NEWS

Dollar Down, Economic Recovery Hopes Continue to Grow

The dollar was down on Wednesday morning in Asia to near two-week lows as demand for safe-haven assets faded. Hopes for a global economic recovery from COVID-19 continue to grow alongside hopes for further, massive fiscal and monetary stimulus.

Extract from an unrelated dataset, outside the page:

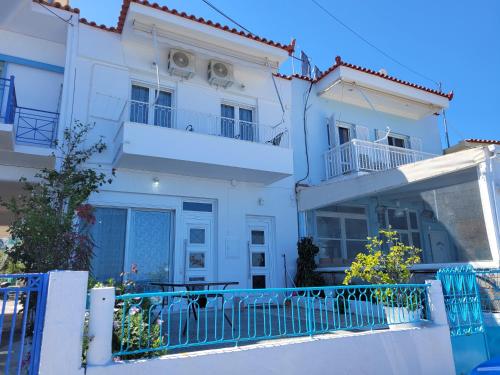 ein weißes Haus mit einem blauen Zaun davor in der Unterkunft Antonys Apartment Sea View II (1st floor) in Tiros
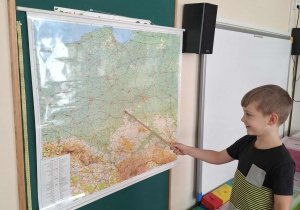 Dziecko wskazuje miasto Łódź na mapie Polski.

The U.S. Dollar Index that tracks the greenback against a basket of other currencies inched down 0.05% to 90.370 by 10:54 PM ET (3:54 AM GMT).
The USD/JPY pair inched down 0.02% to 104.55. The dollar gained 0.1% against the yen, after it dropped to 104.5, the lowest point so far in February, during the previous session.
The AUD/USD pair inched up 0.05% to 0.7742, while the NZD/USD pair inched down 0.04% to 0.7237.
The USD/CNY pair inched up 0.05% to 6.4378. Data released by China earlier in the day showed that the Consumer Price Index (CPI) grew 1% month-on-month but fell 0.3% year-on-year. The Producer Price Index (PPI) grew 0.3% year-on-year in January.
The GBP/USD pair inched up 0.07% to 1.3824. The pound was around 0.1% lower after reaching an almost three-year high during the previous session.
In the cryptocurrency space, Bitcoin was near the $46,500 mark after climbing up to $48,500 overnight on the back of a $1.5 billion investment from Tesla Inc. (NASDAQ:TSLA).

“The economic outlook for the year, according to market consensus, appears to be buoyant,” CMC Markets chief strategist Michael McCarthy told Reuters, pointing to the weaker dollar.

“Sentiment and positioning are key drivers of the market right now,” he added.

Hopes that monetary and fiscal support, solid corporate earnings, and the rollout of COIVD-19 vaccines have all boosted hopes for the U.S. economic recovery. The increased risk sentiment has meant declines for safe-haven assets such as the dollar.

Investors remain divided about the impact that a $1.9 trillion stimulus package proposed by U.S. President Joe Biden will have on the dollar.

Those arguing for a positive impact point to a speedy U.S. recovery compared to other economies boosting the greenback. Those arguing the opposite say that a recovery will drive reflation globally, which will boost riskier assets and contribute to a dollar decline.

Westpac analysts argued the latter in a note, despite the dollar’s strong start in 2021, with the previous week’s U.S. jobs data a key indicator.

“Friday’s disappointing payrolls completely flattened the USD, that data point casting doubt on the budding U.S. outperformance narrative and refocusing minds on the prospect for sustained reflationary U.S. fiscal and monetary policy,” the note added.